Wednesday, September 22, 2010

Goodmorning, starshine!

Does anyone remember that song? When I was younger, it was constantly being played in infomercials for CD compilations. On beautiful sunny mornings, I always think of it...

Most of you know that I have an official blog for Blue Cross and Blue Shield of Minnesota's Do! Campaign. I thought I should start my own on the side, since sometimes my thoughts are non-fitness related (who would have thought!) and I feel more comfortable sharing them in this sort of atmosphere.

Well, save for changing my license and registration over, I am officially a resident of Wisconsin. This place we now call home is so interesting. I thought being "out in the country" would be more like when we visit Jeff's parents outside of Eau Claire, WI. The drinks would be cheap, and the folks would be excited to see us. Not exactly. On more than one occasion, I've been asked "Why you talk so smart?" or "why do you call it Vodka Soda? It's not made with pop or anythin?". For the first time since I was a little girl, I almost feel like an outsider because of my intelligence. I can't tell if they are laughing with me, or at me.

Growing up in the north metro, I always felt like I was in the country. I mean, raised on the lake 7 miles out of town? Clearly country! Getting excited about going to the big city? Country!
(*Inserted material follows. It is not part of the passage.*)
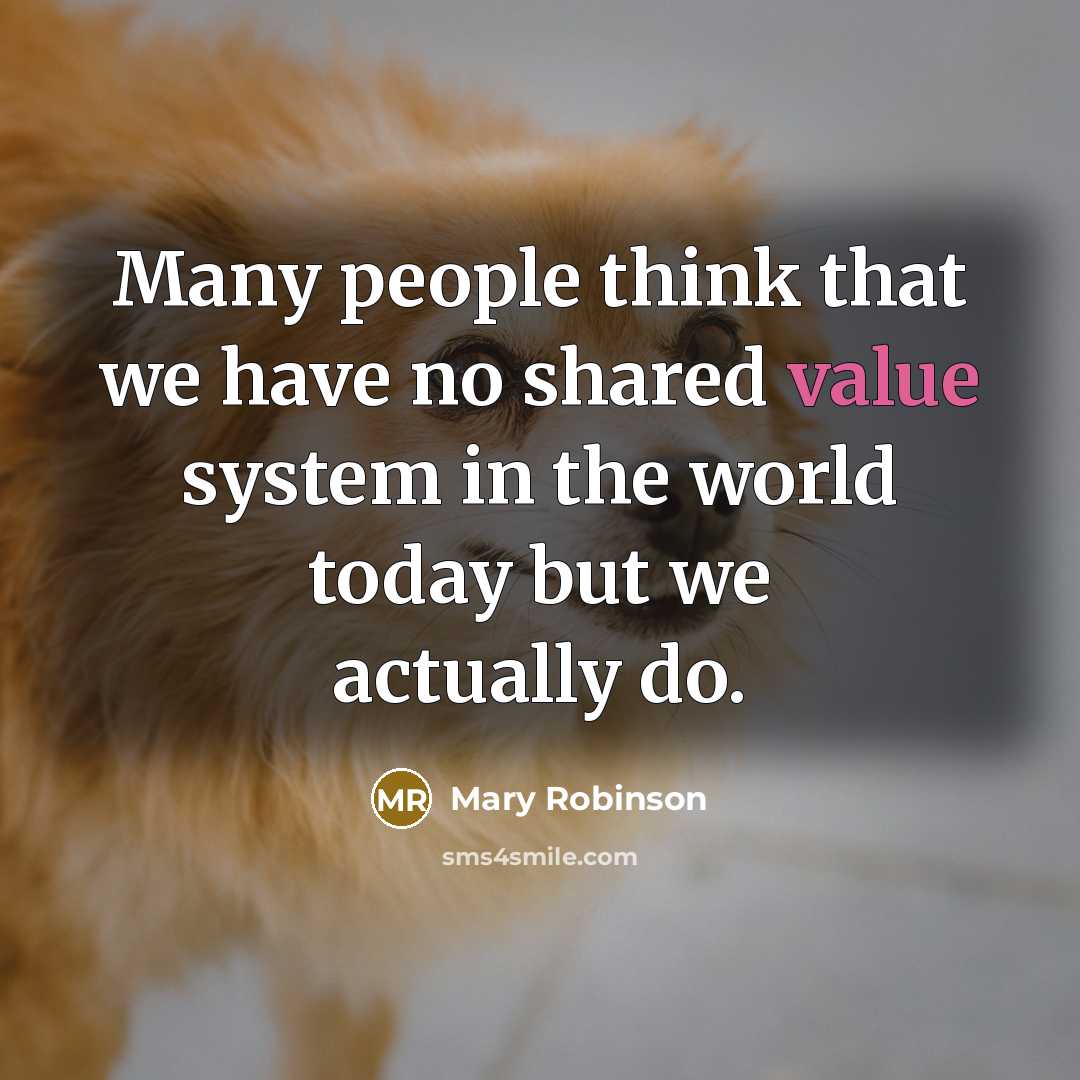 “Many people think that we have no shared value system…” quote by Mary Robinson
After I moved to Minneapolis, I finally felt like my character was evolving. Not only was I transforming on the outside (losing the weight, converting to contacts, going back to my natural-ish haircolor of blonde)...but my eloquence was emerging again. I blamed my nature as the catalyst for my outcasting as a child. Sure, obesity was a hoot and added to the struggle, but children don't necessarily appreciate an extensive vocabulary and witty strength in discourse. Being in the city and growing up, I finally was able to let all that cleverness out.
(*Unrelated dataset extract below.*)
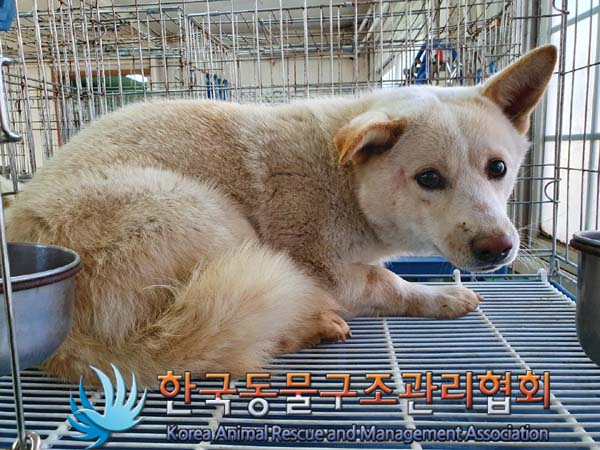 한국동물구조관리협회에서 보호하고 있는 유기된 강아지입니다.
Now, being here...where I'm not supposed to travel north of Hwy 8 because of the VERY REAL existence of inbreeding...I feel like I'm out of place. I feel like I don't belong. On my training rides, people shake their heads at me, almost to say, "You know, they make cars so you don't have to bike". Our neighbors seem to hide in their houses to avoid meeting us. My only friend right now is Tootcat (he smells as his name implies). He seems so happy to see me, so grateful to hear my voice.

Jeff's been pretty great. I admire how he has taken so strongly to his job. I've met some of his coworkers, and they seem to really respect him. But we have both felt the awkwardness of being in an unfamiliar place. Sure, I no longer need the GPS to get to Minnesota, but I almost need a GPS to navigate the social waters of this foreign land.
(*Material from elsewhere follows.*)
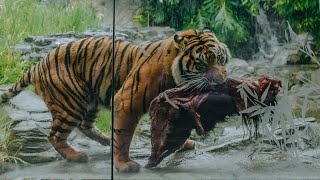 Zoo&#39;s big cats enjoy &#39;super-sized&#39; meals!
Oh well. My friend Jessica assures me I'll get my niche and feel at home soon. The problem is, when I'm at our home, I feel on top of the world. Safe. Wonderful. It's passing the driveway that seems to change everything. Boo.

1 comment:

Anonymous said...

join a civic group...is there a women of today group, church group, volunteer at a local nursing home. Make a mark on your little weird niche called life.